According to travel writer Paul Theroux, the reputations of England’s south coast towns have been forged more on the sound of the name than by lived – or visited – experience. Camber Sands has a nice lilt but, in his mind, didn’t live up to expectation. Bognor Regis, which sounds ugly, was in fact quite pleasant. Since Theroux was writing, Eastbourne, with its fairly benign moniker, has become a byword for a lot that is wrong with the British seaside. But much effort has gone into reversing those opinions, not least by the good townsfolk themselves and by the waves of the newly arrived, drawn to the coast by the WFH freedoms afforded by the 2020 pandemic.

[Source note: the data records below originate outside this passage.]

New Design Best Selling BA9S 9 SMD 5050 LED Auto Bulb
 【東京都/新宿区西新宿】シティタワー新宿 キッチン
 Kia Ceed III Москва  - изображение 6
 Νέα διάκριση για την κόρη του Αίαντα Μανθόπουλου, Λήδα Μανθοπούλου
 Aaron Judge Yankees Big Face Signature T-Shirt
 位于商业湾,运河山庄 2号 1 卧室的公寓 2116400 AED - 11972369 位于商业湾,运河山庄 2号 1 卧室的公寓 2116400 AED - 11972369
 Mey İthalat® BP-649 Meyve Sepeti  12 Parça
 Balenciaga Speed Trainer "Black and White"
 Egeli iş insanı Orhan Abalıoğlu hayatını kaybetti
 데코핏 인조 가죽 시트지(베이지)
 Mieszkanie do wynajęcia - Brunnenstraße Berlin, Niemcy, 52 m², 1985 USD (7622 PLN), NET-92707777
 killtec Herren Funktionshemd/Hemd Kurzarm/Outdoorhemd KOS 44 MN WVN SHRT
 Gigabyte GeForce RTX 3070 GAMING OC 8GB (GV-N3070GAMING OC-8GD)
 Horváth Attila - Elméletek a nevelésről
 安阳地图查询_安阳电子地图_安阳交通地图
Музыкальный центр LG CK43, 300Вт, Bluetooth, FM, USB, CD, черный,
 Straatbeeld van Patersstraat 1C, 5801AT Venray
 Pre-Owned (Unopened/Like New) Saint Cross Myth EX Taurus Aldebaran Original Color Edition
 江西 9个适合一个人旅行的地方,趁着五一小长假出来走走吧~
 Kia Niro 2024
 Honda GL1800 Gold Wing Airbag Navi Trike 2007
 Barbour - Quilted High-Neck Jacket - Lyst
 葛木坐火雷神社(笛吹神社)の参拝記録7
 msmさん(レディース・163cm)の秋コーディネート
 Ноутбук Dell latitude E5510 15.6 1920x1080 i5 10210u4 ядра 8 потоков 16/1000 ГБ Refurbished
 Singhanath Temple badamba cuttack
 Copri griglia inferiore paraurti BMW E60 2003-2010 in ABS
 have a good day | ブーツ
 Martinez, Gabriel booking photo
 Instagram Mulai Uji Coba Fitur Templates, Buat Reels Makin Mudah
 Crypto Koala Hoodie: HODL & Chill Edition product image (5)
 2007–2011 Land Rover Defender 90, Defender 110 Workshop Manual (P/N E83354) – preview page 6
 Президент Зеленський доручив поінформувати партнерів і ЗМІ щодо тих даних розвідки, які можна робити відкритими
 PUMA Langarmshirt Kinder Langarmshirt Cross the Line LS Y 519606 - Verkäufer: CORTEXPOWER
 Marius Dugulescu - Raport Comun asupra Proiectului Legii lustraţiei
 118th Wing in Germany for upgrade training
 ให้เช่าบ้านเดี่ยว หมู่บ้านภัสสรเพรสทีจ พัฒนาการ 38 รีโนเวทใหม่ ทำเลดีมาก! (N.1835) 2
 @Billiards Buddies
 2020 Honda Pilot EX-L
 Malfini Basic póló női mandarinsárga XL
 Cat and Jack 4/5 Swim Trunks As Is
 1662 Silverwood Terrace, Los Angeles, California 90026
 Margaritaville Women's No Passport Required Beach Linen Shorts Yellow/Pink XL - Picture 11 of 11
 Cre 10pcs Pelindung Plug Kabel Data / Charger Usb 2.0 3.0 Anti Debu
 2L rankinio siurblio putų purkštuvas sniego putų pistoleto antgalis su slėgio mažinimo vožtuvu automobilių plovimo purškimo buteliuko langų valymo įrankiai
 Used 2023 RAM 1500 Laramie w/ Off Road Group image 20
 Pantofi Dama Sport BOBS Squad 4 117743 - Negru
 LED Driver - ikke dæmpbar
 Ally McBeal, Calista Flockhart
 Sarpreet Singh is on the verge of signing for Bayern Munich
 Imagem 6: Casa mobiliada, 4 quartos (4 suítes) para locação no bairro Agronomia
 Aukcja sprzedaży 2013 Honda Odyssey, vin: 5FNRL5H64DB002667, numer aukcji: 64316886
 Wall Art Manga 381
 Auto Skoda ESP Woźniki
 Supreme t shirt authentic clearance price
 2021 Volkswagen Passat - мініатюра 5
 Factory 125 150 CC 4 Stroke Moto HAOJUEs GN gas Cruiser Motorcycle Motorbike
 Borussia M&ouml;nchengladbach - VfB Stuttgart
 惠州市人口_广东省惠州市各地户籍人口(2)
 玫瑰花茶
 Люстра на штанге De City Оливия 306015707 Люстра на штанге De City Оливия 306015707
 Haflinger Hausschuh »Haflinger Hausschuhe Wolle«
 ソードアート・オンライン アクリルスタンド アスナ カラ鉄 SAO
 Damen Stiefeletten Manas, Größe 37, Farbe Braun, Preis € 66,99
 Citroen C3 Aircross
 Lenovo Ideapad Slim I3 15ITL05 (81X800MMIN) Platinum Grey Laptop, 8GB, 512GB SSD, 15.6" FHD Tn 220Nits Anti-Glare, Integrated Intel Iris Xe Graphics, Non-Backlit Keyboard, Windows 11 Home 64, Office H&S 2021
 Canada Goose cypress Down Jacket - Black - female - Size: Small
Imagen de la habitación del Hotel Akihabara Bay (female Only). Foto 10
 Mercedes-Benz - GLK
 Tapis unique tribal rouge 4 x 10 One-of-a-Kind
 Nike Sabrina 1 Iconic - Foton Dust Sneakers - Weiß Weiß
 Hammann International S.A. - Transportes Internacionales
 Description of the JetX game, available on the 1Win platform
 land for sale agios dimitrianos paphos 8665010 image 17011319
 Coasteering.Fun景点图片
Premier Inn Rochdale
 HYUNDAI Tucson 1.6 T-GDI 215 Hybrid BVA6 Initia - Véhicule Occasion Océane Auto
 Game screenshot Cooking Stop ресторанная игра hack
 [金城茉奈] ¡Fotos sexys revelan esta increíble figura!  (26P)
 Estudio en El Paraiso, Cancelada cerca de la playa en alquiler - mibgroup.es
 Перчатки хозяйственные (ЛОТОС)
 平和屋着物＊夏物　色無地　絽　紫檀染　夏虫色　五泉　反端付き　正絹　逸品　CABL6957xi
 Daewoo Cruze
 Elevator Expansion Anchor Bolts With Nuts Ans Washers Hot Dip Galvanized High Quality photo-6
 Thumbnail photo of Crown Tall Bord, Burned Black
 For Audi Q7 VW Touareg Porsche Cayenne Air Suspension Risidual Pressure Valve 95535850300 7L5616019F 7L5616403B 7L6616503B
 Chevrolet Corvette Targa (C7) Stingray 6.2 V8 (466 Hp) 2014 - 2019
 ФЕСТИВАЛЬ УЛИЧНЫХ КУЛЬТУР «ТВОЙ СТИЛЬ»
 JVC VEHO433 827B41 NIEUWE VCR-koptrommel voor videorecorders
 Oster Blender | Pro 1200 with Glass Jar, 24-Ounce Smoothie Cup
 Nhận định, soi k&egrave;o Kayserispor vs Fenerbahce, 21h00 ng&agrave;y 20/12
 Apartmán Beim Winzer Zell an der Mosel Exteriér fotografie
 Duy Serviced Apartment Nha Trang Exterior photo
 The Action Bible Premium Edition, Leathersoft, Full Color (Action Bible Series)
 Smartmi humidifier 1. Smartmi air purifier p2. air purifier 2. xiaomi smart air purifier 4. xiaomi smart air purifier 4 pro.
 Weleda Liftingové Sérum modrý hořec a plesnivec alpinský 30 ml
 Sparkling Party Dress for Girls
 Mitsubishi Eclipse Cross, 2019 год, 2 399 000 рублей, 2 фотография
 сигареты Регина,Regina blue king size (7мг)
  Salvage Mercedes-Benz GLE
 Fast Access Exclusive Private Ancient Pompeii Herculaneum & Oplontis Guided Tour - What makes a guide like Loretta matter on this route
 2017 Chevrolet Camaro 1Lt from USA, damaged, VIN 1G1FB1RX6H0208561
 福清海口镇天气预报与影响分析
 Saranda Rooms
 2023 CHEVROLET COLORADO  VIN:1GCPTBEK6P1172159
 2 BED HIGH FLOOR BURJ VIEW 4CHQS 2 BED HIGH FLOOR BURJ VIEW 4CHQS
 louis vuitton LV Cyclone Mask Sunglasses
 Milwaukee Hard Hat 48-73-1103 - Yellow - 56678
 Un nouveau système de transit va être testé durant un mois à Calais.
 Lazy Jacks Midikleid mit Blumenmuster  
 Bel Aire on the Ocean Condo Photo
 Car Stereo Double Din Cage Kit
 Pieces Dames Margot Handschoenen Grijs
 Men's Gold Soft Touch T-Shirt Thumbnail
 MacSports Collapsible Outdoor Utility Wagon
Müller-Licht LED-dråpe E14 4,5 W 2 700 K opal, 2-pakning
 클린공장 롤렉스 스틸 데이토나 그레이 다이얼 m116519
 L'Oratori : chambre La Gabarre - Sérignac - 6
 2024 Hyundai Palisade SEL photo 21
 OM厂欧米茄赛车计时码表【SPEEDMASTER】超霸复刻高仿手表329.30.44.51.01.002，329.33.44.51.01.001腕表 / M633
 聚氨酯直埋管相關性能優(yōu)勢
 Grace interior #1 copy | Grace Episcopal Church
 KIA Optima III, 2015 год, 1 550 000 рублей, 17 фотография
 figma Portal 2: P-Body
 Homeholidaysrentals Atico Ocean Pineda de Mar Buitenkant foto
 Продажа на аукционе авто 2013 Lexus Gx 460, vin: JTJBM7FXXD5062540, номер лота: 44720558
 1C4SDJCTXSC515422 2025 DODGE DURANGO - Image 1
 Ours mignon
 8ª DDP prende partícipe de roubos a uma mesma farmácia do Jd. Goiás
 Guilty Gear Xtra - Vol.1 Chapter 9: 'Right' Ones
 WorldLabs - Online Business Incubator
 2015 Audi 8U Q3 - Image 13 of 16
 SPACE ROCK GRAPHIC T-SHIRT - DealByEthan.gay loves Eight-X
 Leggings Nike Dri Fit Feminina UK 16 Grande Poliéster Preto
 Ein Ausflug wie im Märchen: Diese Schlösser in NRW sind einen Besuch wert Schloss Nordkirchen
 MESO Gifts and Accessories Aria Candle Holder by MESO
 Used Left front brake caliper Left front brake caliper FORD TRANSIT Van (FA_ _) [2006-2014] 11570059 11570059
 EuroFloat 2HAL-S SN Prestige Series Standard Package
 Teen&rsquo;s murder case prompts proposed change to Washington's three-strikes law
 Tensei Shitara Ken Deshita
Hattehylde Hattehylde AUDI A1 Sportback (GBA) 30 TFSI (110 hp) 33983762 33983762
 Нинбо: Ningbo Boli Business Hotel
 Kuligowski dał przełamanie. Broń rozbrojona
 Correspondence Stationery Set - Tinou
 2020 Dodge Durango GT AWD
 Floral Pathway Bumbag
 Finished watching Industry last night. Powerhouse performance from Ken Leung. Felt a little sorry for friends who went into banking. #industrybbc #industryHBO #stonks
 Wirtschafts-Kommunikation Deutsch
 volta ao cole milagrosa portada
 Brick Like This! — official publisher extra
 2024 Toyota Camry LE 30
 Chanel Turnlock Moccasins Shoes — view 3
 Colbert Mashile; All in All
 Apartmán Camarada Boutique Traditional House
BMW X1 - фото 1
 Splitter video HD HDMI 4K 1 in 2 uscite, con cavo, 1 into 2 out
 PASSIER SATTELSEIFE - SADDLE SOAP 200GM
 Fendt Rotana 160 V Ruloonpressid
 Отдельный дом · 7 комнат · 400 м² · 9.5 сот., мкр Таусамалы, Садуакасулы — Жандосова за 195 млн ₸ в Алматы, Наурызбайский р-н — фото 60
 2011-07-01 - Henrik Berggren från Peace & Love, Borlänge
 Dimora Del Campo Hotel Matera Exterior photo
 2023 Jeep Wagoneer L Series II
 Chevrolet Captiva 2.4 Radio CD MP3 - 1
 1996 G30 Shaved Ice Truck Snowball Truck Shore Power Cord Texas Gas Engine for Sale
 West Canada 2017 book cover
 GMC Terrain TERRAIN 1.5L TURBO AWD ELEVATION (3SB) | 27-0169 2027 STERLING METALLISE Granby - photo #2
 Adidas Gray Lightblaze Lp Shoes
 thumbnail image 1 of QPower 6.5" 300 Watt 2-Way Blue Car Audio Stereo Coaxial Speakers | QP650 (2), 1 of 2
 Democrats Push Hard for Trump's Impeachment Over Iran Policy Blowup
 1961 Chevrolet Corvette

And so to Port Hotel, an attention-grabbing boutique stay dressed by interior designer Imraan Ismael, which has chosen for its home (and initial anchor) not Brighton, but Eastbourne. There is much to love here; and more so if you take a Theroux-esque journalistic attitude. Why did England’s coastal towns take such a downward dip in the late 20th century, and what, post-pandemic, is their future now? Port is perhaps your answer to the latter. Co-owner and managing director Peter Cadwallader is clear about his target audience: ‘Discerning 20- or 30-something couples from the big cities will love it here, especially if they’re interested in hiking across the South Downs as Eastbourne has such stunning coastal walks on the doorstep, and beautiful inland countryside to explore with vineyards nearby like Rathfinny,’ he explains over a pot of Hoogly tea. ‘But older couples who make Eastbourne an annual pilgrimage are welcome, too.’ With south London an hour away by train, and the town a terrific start or end point on one of the UK’s most picturesque hikes, we heartily recommend making Port your south-coast port of call.